Mientras el bateo respondía, el cuerpo monticular azul también ofreció una actuación sólida. Adonis Medina abrió el partido y trabajó tres entradas de un hit y una carrera, preparando el terreno para una cadena de relevistas que mantuvo a raya a los bates cibaeños. Anderson Severino, quien se llevó la victoria para colocar su marca en 1-0, fue parte del grupo de brazos que limitó a las Águilas a solo 3 hits en 17 turnos con hombres en posición anotadora. En total, el pitcheo azul repartió 13 ponches, muestra del control y la agresividad con la que atacaron el duelo.
Las Águilas, que ahora registran marca de 22-6, tuvieron destellos ofensivos con José Rodríguez conectando doble y sencillo, mientras que Ezequiel Durán y Leody Taveras lograron dos inatrapables cada uno. Pero, a diferencia de otras noches, el bateo oportuno no apareció.
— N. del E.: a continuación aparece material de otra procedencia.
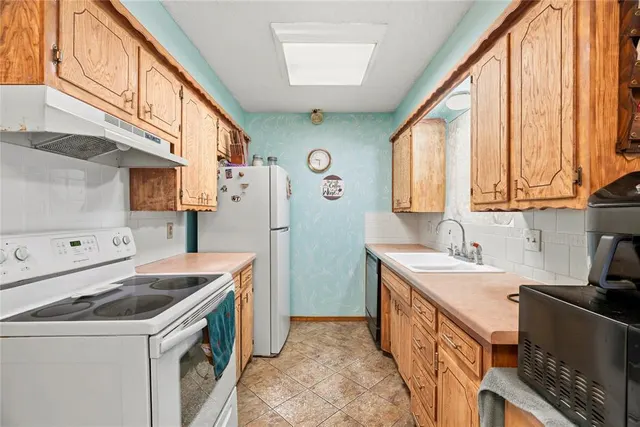 Photo 8 — 509 S Prouty Avenue, Watonga, OK 73772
Del lado azul, Rojas Jr. y Hensley se combinaron para despachar imparables que remolcaron cinco carreras, siendo el corazón productivo del lineup. Núñez añadió fuerza con un jonrón y un sencillo, mientras Cal Stevenson y Cristhian Adames aportaron dos indiscutibles cada uno. Hayden Senger completó la fiesta ofensiva con un imparable.
Con el triunfo, los Tigres colocan su marca en 13-16 y suman su cuarta victoria consecutiva, la segunda seguida ante las Águilas. Una jornada redonda que refuerza su impulso y revive un duelo histórico que nunca pierde intensidad.